* [THE PROBLEM]:
A verbatim copy is needed of the lines below from the one containing "woman wearing a" up to and including the one containing "Group of people", excluding pictures.

* [SUPPLIED RECORDS]:
● ● ● ● ● ● ●

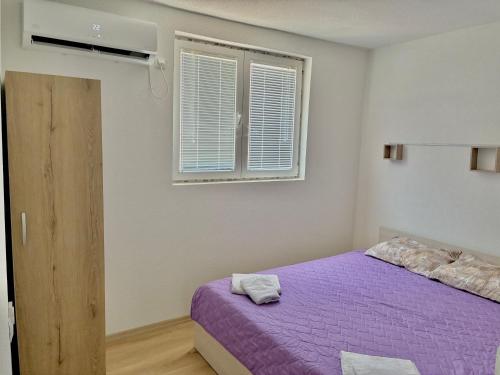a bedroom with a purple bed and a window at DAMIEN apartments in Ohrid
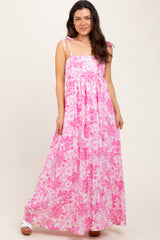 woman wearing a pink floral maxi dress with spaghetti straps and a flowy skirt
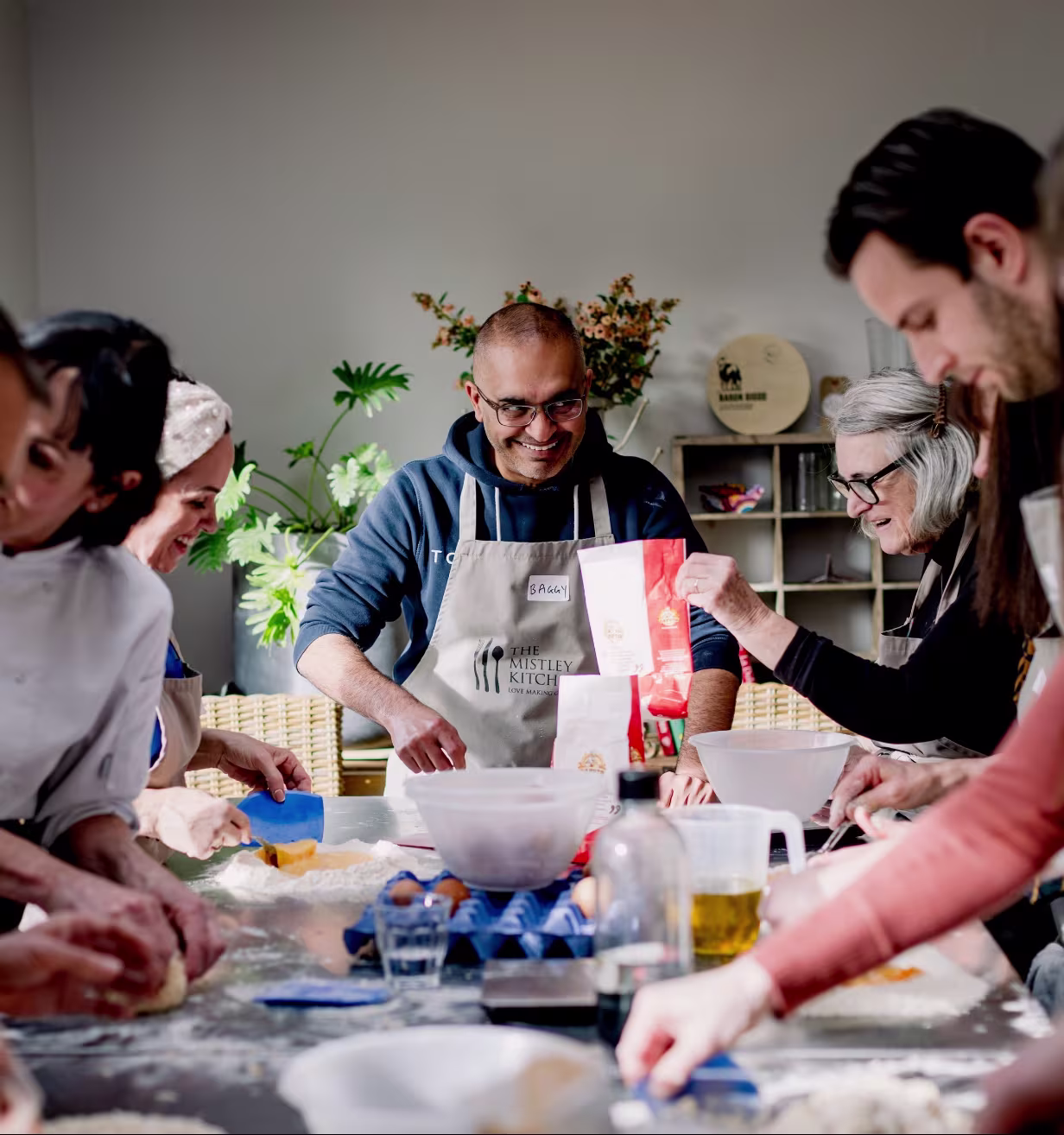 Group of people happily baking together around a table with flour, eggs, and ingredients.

● ● ● ● ● ● ●

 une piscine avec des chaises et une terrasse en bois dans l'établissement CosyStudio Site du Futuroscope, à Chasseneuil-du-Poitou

● ● ● ● ● ● ●

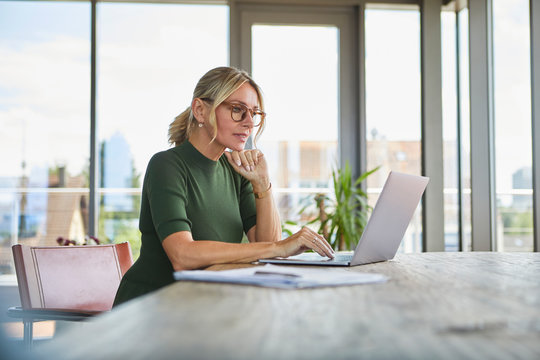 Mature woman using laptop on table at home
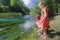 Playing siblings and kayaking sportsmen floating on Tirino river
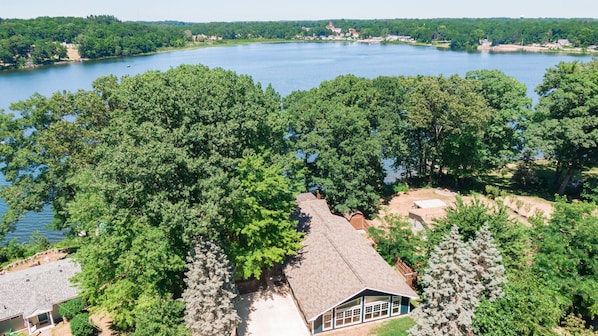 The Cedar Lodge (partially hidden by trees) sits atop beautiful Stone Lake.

● ● ● ● ● ● ●

* [EXERCISE SOLUTION]:
 woman wearing a pink floral maxi dress with spaghetti straps and a flowy skirt
 Group of people happily baking together around a table with flour, eggs, and ingredients.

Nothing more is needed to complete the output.